I’ve never done anything like installing metal pipe, but have put some together for this job and although I actually think it is fun, I’m running out of time on the install…SO: In thinking about how I can make it go faster, I’m trying to make a call on how much flex pipe I can get away with using without destroying airflow. Unit is slightly oversized for the house size but I am under deadline to get this done this weekend before Insulation sub shows up. It’s mostly needed between floors to avoid lots of turns.
Edited 11/22/2005 9:43 pm ET by Merle
Replies
What size of pipe are you talking about going to flex with?
Here's a few rules of thumb about ducting:
1) an elbow has as much resistance as 10 ft of straight pipe.
2) spiral FLEX pipe has twice as much resistance as smooth pipe
Some companies used to give the maximum total equivalent length for the longest/worst run of pipe to a room. More that the given equivalent and rated air flows would start to suffer.
Since the machine is oversized, it may be able to push enough air on low speed and be a bit noisy on high speed (which is used rarely anyway)

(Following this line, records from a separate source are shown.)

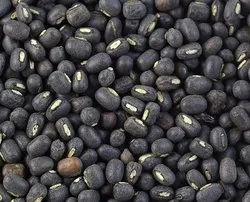  Urad Production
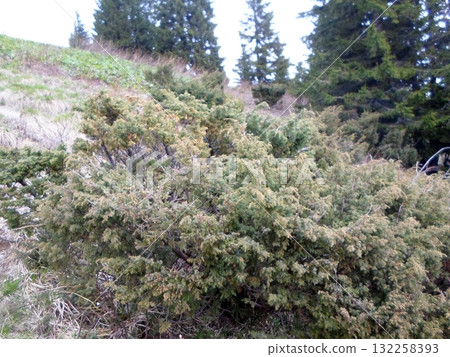 Evergreen Shrub on Hillside with Tall Trees and Distant Forest Background Evergreen Shrub on Hillside with Tall Trees and Distant Forest Background 132258393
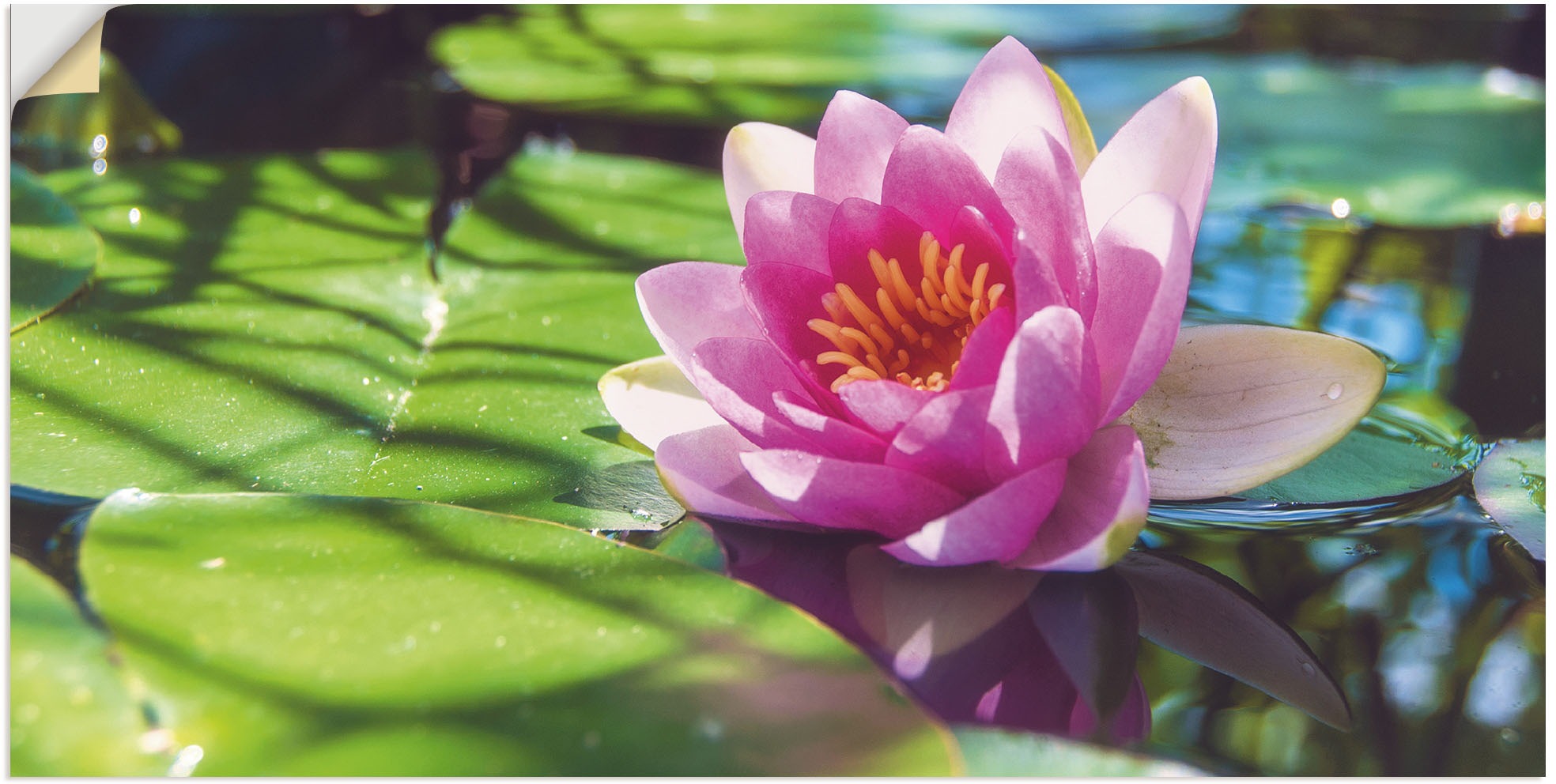 Artland Wandbild "Seerose Nahaufnahme", Blumenbilder, (1 St.), als Alubild, günstig online kaufen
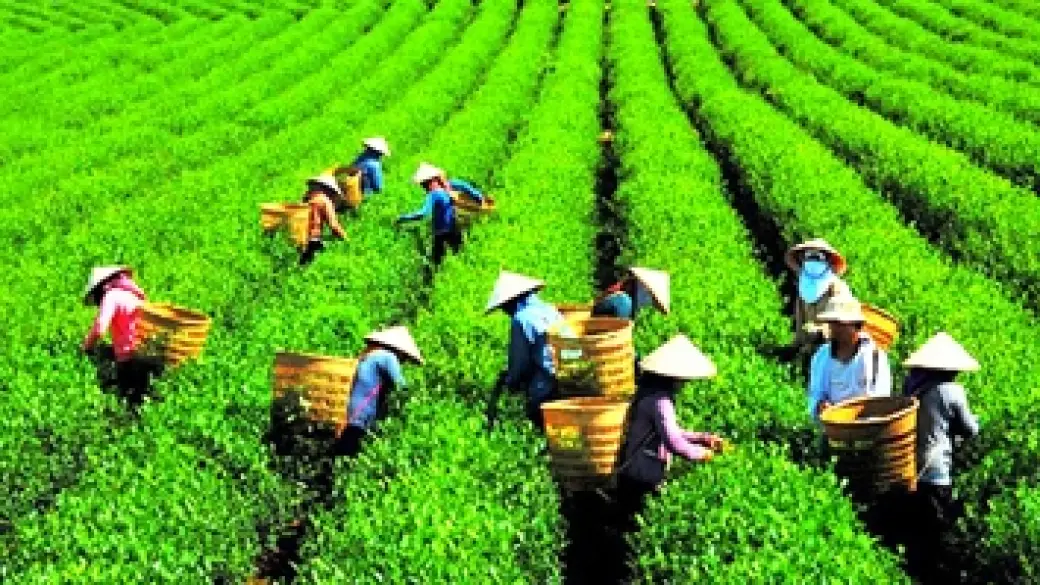 Da Lat – Bao Loc – parc national de Nam Cat Tien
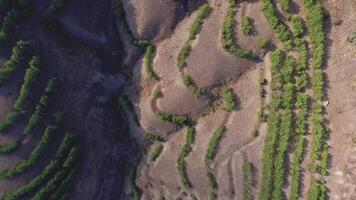 aéreo Disparo volador muy bajo terminado arboles y fregar en el desierto. disparo. aéreo ver volador terminado Desierto a amanecer como el arboles emitir su oscuridad a través de el paisaje video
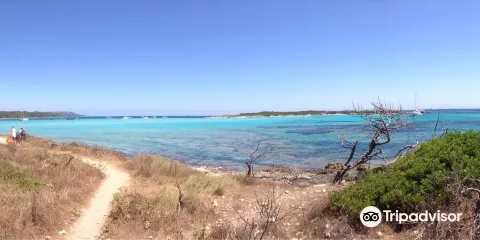 Plage de Piantarella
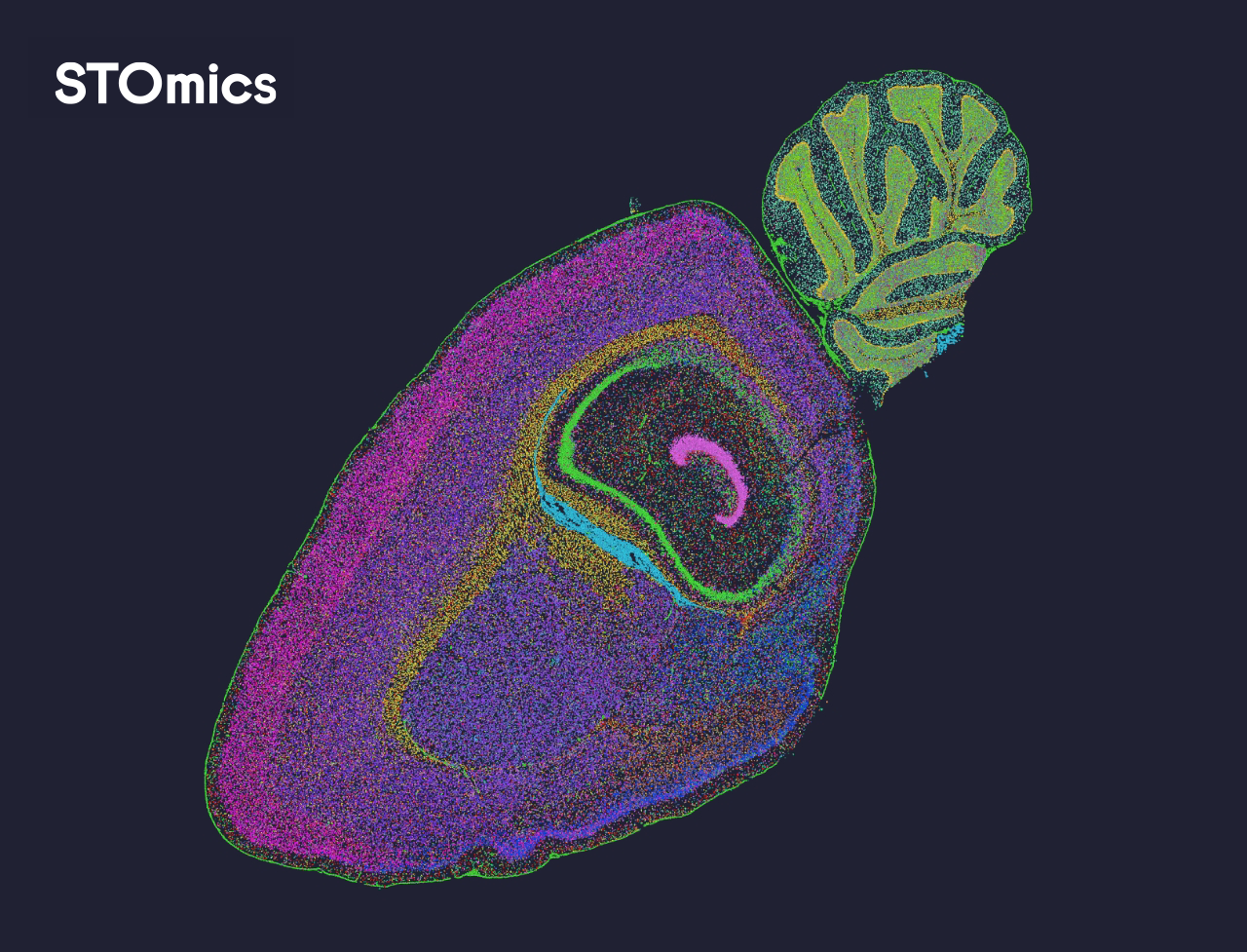 大鼠脑演示数据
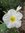 ♫ BELLE de NUIT 'Fleur Blanche' -Mirabilis Jalapa ♫ 10 Graines Proposées ♫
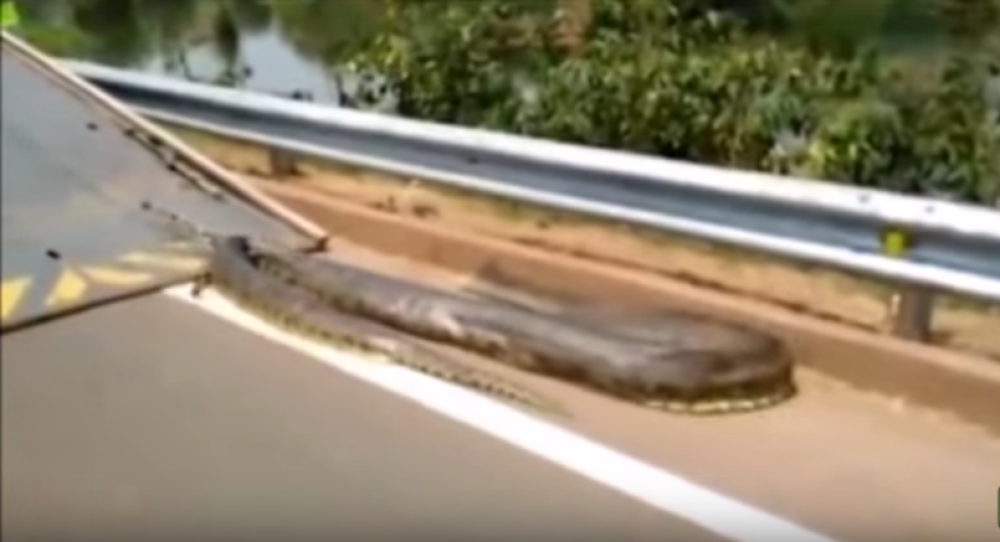 Džinovska anakonda od sedam metara! (VIDEO)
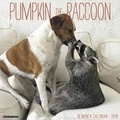 Cover: Pumpkin the Raccoon 2018 Wall Calendar - Willow Creek Press
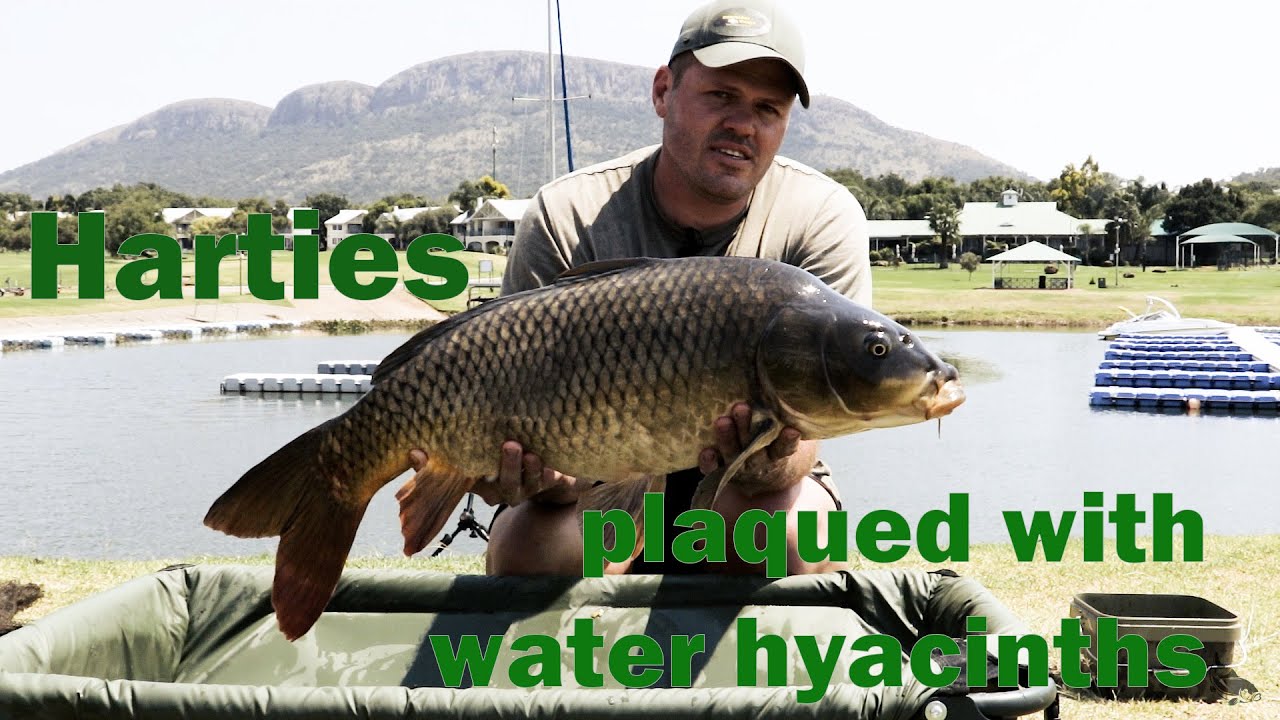 Harties plaqued with water hyacinths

THANK YOU so much for your reply,
I am taking 3.5x10" to 6" via flex up through the floor creating a kind of S shape, and then I have also connected 6" to 6" with ~ 2 to 3 foot sections of flex up to open trusses. I have used flex instead of 90s in 4 places to cut down on connections and the cost of the shapable parts.More info is appreciated as once this is convered over...if this is wrong I must redo it.I also have T's carrying through to several rooms....Is there a way to know how the air flows in a T situation? I was assuming the air split each way, but now I see that may have been naive. How to assure the air will pull though T's evenly?I am splurging all seams and connections with mastic and taping over and using hose clamps in addtion for the flex. I am not going to be able to test the system before the ducting is covered over with insulation, so is there any way to test for leakage?